Stored records:
- Opening Delimiter -

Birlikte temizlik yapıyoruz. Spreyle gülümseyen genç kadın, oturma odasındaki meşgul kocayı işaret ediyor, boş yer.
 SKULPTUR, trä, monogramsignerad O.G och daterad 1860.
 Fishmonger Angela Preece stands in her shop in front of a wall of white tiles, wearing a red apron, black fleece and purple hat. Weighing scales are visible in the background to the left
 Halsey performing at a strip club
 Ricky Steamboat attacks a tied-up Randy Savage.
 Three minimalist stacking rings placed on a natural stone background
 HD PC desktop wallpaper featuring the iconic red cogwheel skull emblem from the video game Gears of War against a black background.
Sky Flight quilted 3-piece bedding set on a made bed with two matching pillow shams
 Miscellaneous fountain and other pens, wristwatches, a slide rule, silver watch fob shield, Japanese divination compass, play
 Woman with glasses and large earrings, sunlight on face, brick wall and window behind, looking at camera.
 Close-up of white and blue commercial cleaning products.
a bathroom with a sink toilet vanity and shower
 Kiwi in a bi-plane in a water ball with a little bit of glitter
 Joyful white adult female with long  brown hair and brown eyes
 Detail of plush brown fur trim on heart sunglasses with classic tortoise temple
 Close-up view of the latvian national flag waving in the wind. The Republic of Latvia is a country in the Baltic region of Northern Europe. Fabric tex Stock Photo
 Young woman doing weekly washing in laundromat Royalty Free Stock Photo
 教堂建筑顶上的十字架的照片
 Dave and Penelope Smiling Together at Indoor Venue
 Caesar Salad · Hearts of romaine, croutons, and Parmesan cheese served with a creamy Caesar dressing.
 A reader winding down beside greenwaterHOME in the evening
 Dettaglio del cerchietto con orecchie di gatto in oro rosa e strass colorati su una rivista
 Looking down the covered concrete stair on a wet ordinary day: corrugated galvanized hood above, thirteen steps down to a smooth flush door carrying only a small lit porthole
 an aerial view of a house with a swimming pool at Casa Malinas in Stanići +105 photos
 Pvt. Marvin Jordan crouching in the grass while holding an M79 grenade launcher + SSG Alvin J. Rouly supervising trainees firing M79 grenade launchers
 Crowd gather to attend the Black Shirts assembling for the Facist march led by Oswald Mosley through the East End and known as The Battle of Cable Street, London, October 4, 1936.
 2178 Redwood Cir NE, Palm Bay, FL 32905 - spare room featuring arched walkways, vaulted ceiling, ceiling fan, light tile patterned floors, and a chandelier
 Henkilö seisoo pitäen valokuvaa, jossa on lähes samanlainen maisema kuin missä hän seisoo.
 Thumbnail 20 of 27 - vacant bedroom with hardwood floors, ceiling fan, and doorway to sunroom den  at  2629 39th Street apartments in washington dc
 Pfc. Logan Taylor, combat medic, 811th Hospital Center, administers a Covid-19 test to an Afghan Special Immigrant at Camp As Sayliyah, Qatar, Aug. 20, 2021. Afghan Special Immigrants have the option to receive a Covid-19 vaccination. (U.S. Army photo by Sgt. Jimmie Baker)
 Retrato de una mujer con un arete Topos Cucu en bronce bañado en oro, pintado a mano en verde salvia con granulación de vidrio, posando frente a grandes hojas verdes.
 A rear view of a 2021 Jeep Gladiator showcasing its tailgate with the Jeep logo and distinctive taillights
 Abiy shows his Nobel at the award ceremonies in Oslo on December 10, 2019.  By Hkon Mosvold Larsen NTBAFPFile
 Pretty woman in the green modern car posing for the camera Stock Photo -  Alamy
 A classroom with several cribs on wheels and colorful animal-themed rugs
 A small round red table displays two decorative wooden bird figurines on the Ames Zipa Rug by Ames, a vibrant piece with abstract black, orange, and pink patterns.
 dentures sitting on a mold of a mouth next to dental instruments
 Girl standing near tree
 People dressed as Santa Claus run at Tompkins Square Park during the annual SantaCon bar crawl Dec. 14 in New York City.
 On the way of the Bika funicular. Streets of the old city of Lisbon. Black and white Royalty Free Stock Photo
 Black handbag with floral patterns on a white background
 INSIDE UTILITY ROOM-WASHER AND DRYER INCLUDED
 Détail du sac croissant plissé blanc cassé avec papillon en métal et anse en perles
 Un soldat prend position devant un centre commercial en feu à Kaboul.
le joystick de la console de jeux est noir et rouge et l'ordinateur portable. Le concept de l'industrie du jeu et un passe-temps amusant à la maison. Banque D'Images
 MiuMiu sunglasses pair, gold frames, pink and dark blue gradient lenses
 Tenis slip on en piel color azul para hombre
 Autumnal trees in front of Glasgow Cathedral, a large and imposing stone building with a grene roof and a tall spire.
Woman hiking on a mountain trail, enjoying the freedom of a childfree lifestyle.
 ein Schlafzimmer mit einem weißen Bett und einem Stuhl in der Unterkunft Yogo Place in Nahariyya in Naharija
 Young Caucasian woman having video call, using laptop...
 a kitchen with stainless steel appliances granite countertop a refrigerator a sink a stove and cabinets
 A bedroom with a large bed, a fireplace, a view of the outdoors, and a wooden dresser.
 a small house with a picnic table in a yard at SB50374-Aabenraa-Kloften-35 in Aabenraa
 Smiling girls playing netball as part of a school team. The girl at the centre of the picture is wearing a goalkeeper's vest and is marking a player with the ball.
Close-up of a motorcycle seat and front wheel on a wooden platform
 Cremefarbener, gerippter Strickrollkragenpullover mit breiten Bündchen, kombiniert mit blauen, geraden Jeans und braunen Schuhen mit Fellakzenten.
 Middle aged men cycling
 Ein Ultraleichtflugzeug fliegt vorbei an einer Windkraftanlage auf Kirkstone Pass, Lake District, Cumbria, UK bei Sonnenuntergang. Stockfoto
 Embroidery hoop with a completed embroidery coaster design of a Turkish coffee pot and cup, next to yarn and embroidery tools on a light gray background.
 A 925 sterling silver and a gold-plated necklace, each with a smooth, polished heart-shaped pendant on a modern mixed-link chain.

- Closing Delimiter -

— YOUR TASK —
Look above for the line holding "SKULPTUR, trä, monogramsignerad". Print it and every line after it, exactly, through the line holding "Fishmonger Angela Preece".

— FINISHED TASK —
 SKULPTUR, trä, monogramsignerad O.G och daterad 1860.
 Fishmonger Angela Preece stands in her shop in front of a wall of white tiles, wearing a red apron, black fleece and purple hat. Weighing scales are visible in the background to the left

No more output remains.